Every time we feel that sense of being fully engaged and alive, whether as a result of a connection with another person, an activity such as sports— being “in the zone”—or simply feeling at one with the world around us, we experience a surge of dopamine through our brain. The magnitude of the chemical reward we get when we make these intimate connections stands in stark contrast to our complete lack of such a reward when we are feeling socially disconnected. To study this effect, a team of neuroscientists from UCLA and Australia placed participants in fMRI machines and asked them to play a virtual ball- tossing game. In the game, participants were under the impression that they were playing electronic catch with other participants in the room. But in reality they were just playing with a computer. After a few rounds, the computer deliberately ignored the participants by no longer tossing the ball to them.
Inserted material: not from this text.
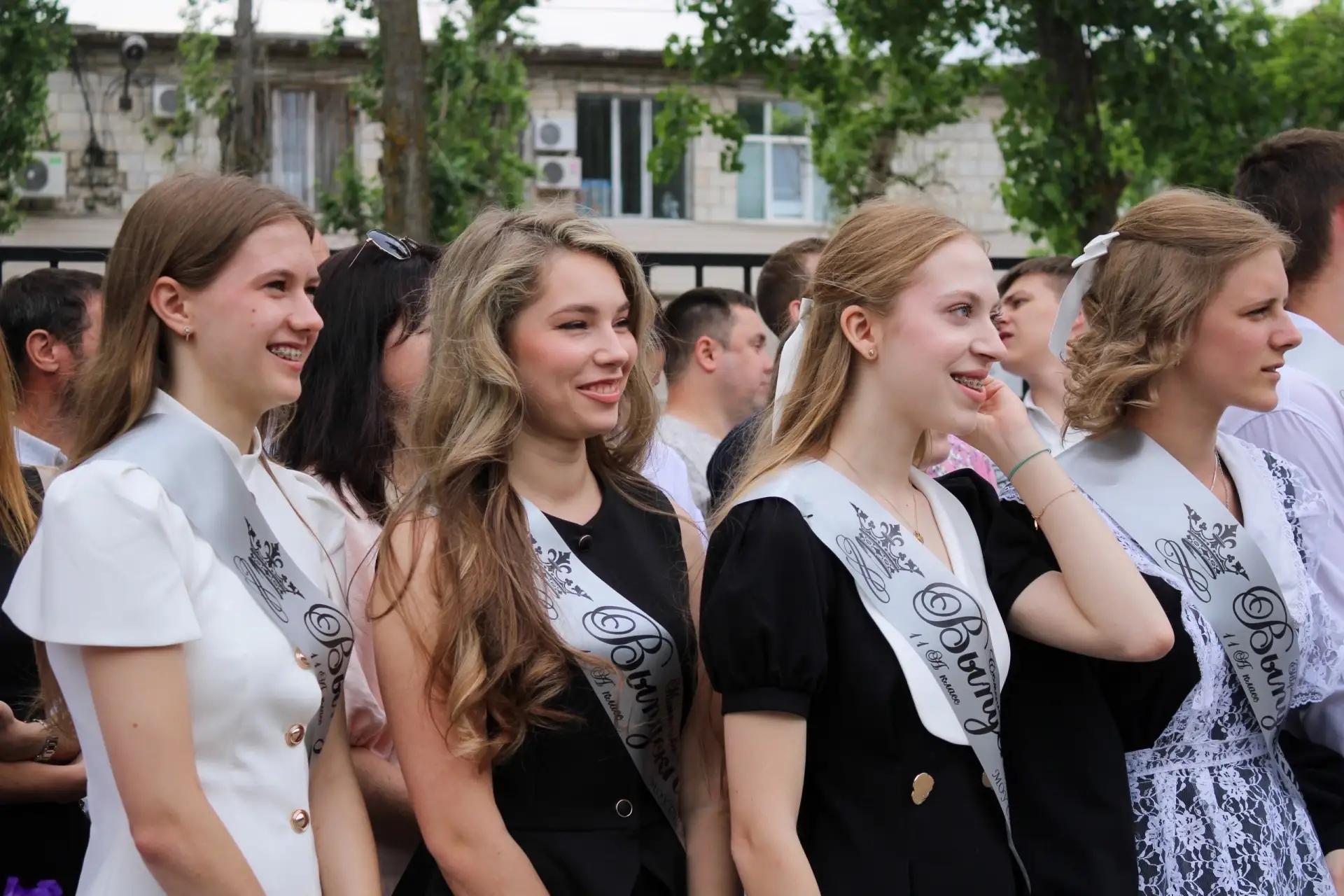 Выпуск 2026: ваш личный «зелёный» код  Говорят, школа даёт багаж знаний. Но мы-то с вами знаем: это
If being madly in love floods the brain with dopamine, feeling cut off and alone— even in the course of a simple game of virtual catch— lit up the anterior cingulate cortex, the part of the brain associated with physical pain.
Why does the brain go to such extremes to reward us for connecting or fully engaging with the world around us and to punish us for feeling cut off and alone? To solve this mystery, we must turn to behavioral psychology. But we immediately encounter an unexpected hurdle. Traditionally, research psychologists have spent very little time trying to understand positive human emotions, let alone the magic of clicking. There’s plenty of research explaining why people get divorced or why they feel depressed— a wealth of data about the difficult moments in our lives. But there’s surprisingly little about our best moments. Those isolated studies having to do with positive emotions (such as happiness and optimism) tend to deal with them in the context of getting by in difficult situations, or preventing one from falling into a depressed state, or recovering from a traumatic experience.
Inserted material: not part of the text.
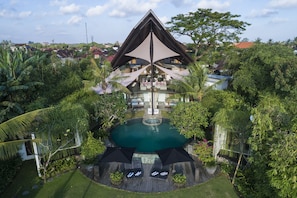 Toraja, Luxury 2 Bedroom Villa, Canggu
In a very real way, psychologists’ emphasis on pathology limits us to seeing only one side of the human equation. As a psychologist himself, Rom believes that previously unexplored aspects of positive emotions would illuminate just as much about human nature as do their negative counterparts: Why is it that we form close, meaningful connections? What happens to us emotionally and psychologically when we do? And why does such an experience often feel so intense and pleasurable?
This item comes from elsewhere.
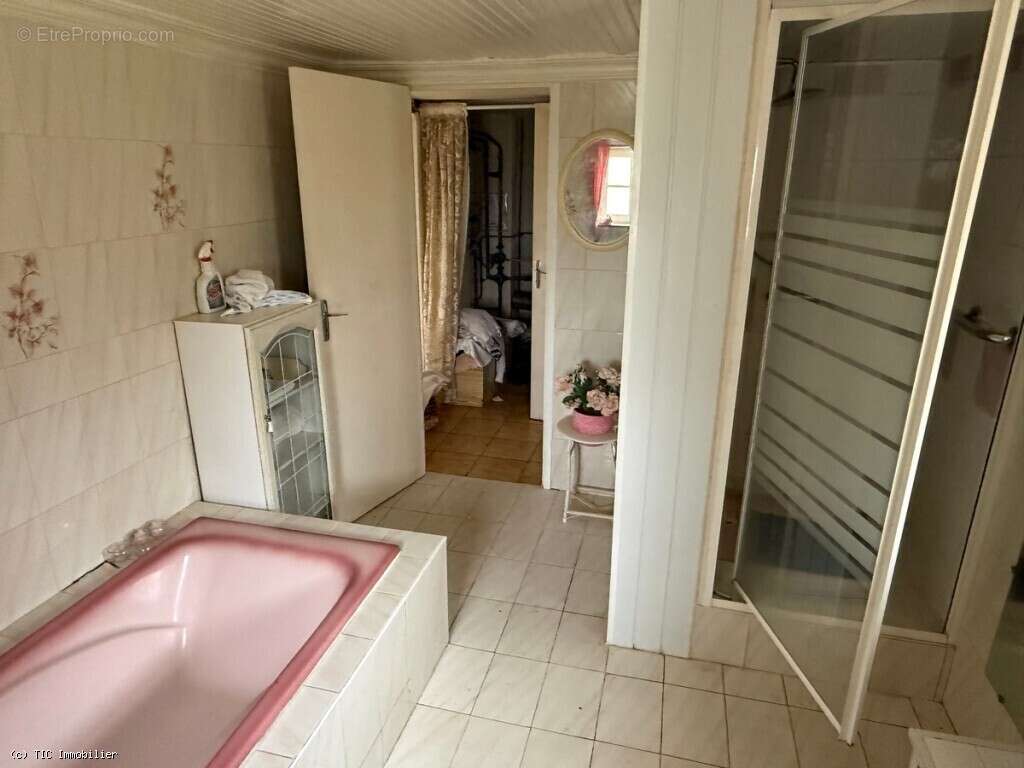 Maison à RUFFEC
To answer these questions, Rom examined the formation of such magical moments. He knew he was venturing outside the traditional realm of academic inquiry, but he was convinced that this was a significant and powerful part of the human experience about which we understood very little.
Rom asked a diverse set of participants— psychology majors, football players, fraternity brothers, and so on— to recount a special or exciting experience in their lives that they felt had a magical quality: “a unique moment or event that was for you filled with magic.” Surprisingly, every single participant was able to conjure a magical experience from his or her life. The stories were as varied and diverse as the individuals in the room. An overwhelming majority of the recollections involved a sense of connection, of clicking.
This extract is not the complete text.